Dem stimmen auch Hatice und Dervis Anil zu: „Beratung ist sehr wichtig.“ Auch für die Familie war das so: Schmierer hatte den Kontakt zum Ausländeramt und zur Polizei gesucht, viele weitere Telefonate geführt, so dass die Anils schließlich umziehen konnten. Und das Paar bemüht sich weiter, so schnell wie möglich Deutsch zu lernen – „das reicht uns aber nicht“, sagt Dervis Anil. Schon seit September 2019 brachte sich das Paar ehrenamtlich im Pflegeheim in Einingen ein.
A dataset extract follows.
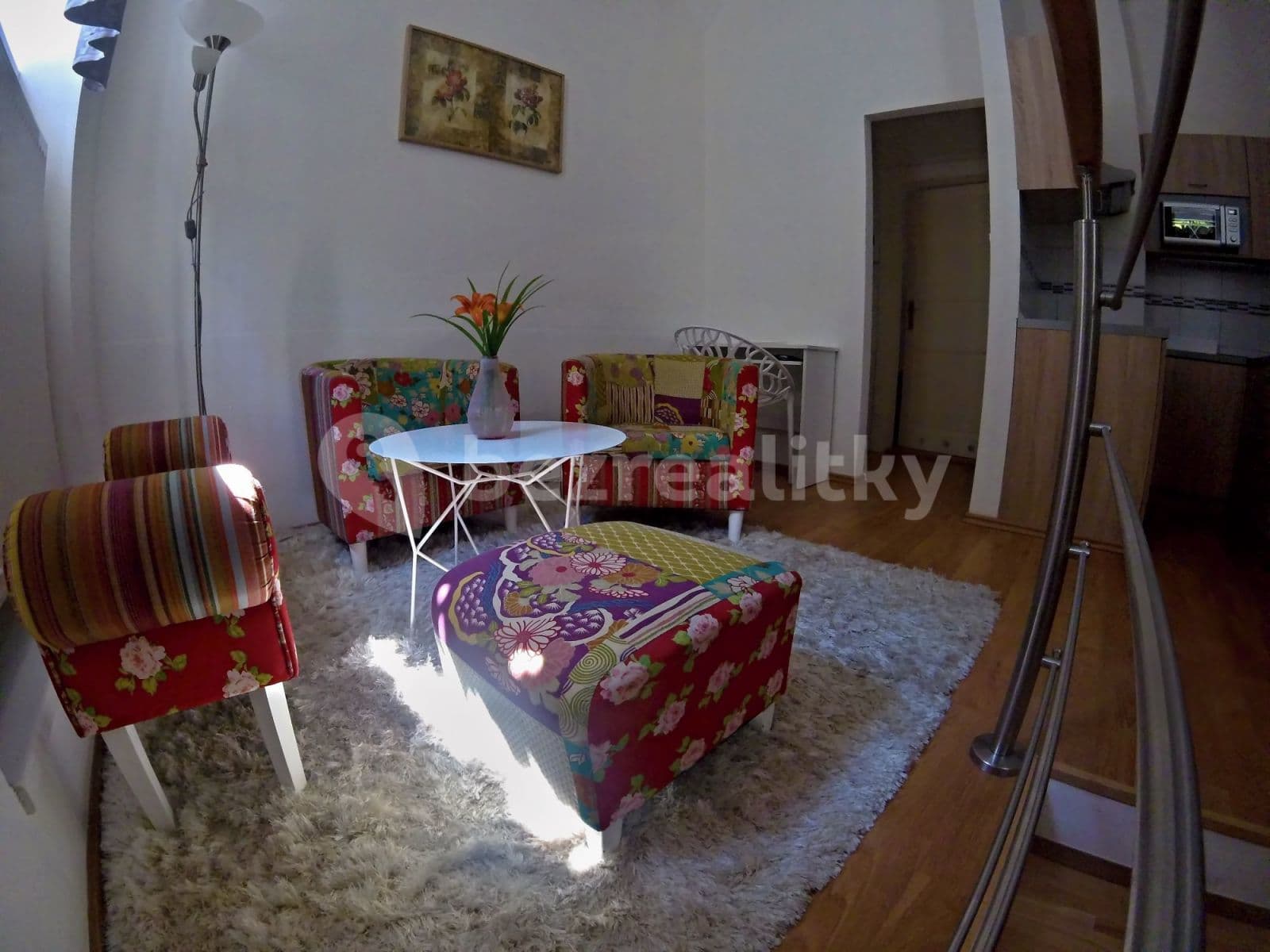 Pronájem bytu 1+kk 40 m², Nad Santoškou, Praha, Praha Pronájem bytu 1+kk 40 m², Nad Santoškou, Praha, Praha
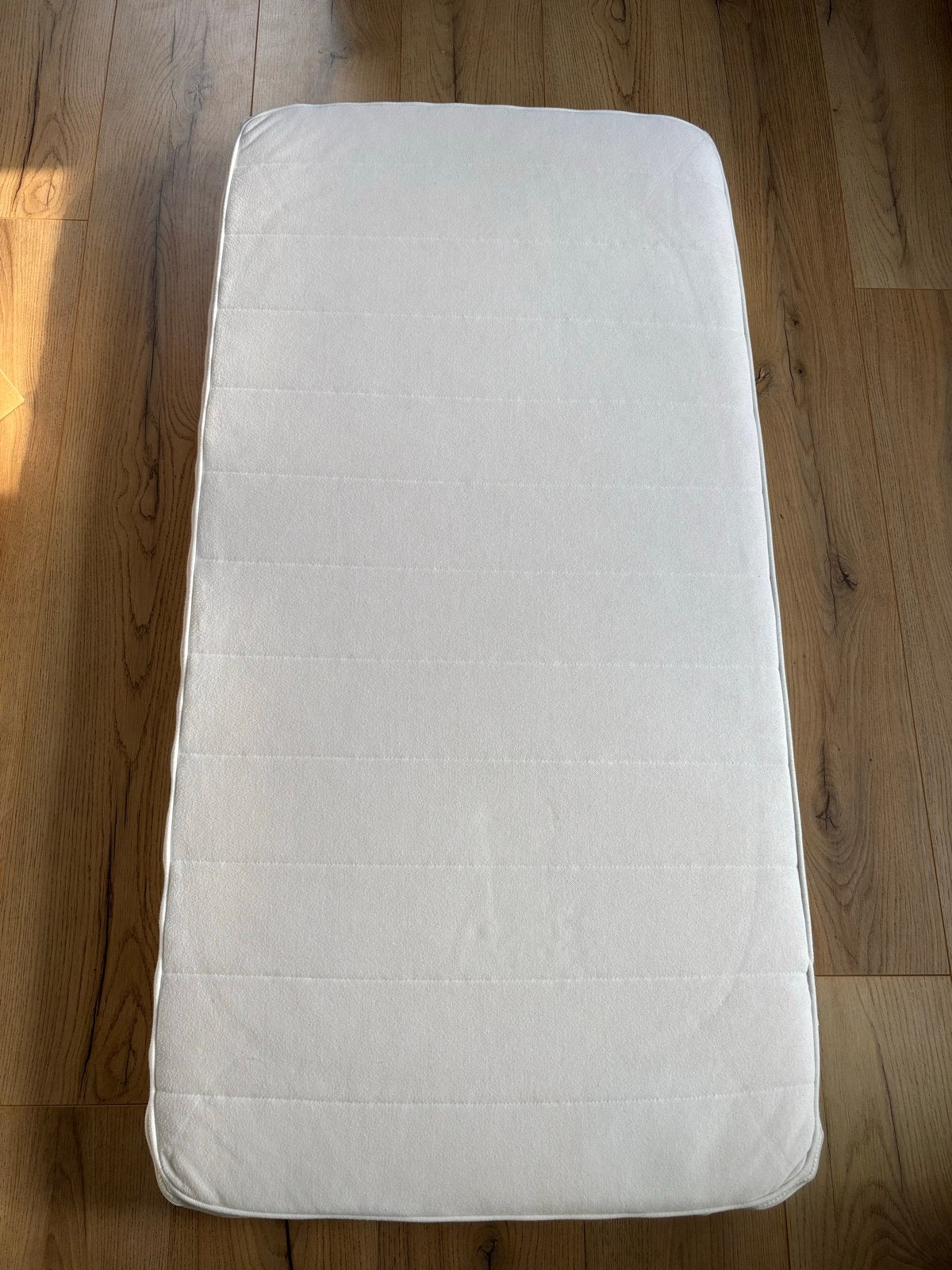 Baby matras VYSSA ikea, Huis en Inrichting, Slaapkamer | Matrassen en Bedbodems, Ophalen, Gebruikt, 190 cm of minder, Matras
Und kommende Woche beginnt sich Dervis Anil an der Hohbuchschule ehrenamtlich bei der Hausaufgabenbetreuung und beim Spielen zu engagieren. „Wir haben keine deutschen Freunde, deshalb ist es für uns schwieriger, Deutsch zu lernen.“ Ihr Ziel ist, so schnell wie möglich wieder als Lehrer arbeiten zu können. „Es gibt an der pädagogischen Hochschule in Weingarten die Möglichkeit, einen Anpassungslehrgang zu absolvieren“, so Schmierer. Für die Anils ist das eine Perspektive. In die Türkei kann die Familie nicht zurück, „wir schauen, dass wir hier in Deutschland unsere neue Aufgabe finden“, betont Hatice Anil. „Wir haben in der Türkei gesehen, wie Kinder in einem Fluss ertrinken und wie Mütter mit kleinen Kindern im Gefängnis sind“, sagt sie erschüttert.
INFO:
Beratung bei Familiennachzug
Ein weiteres wichtiges Thema der Migrationsberatung für erwachsene Zuwanderer ist der Familiennachzug, wie Gerd Aigeltinger von der Caritas beschreibt. Der Nachzug von Familienangehörigen ist erst möglich, wenn die Geflüchteten hier in Deutschland anerkannt sind. Und: Die Flüchtlinge hier brauchen ebenso wie die Familienangehörigen „meist einen langen Atem“, so Aigeltinger. Damit seien die Menschen zunächst meist fassungslos, wenn sie hören, wie lange der Nachzug dauern kann. „Und sie stehen unter extremem Druck, sie brauchen viel Unterstützung, sei es oftmals auch ‚nur‘, dass wir ihnen Halt geben.“ Denn so ein Familiennachzug kann schon bis zu fünf Jahren und mehr dauern.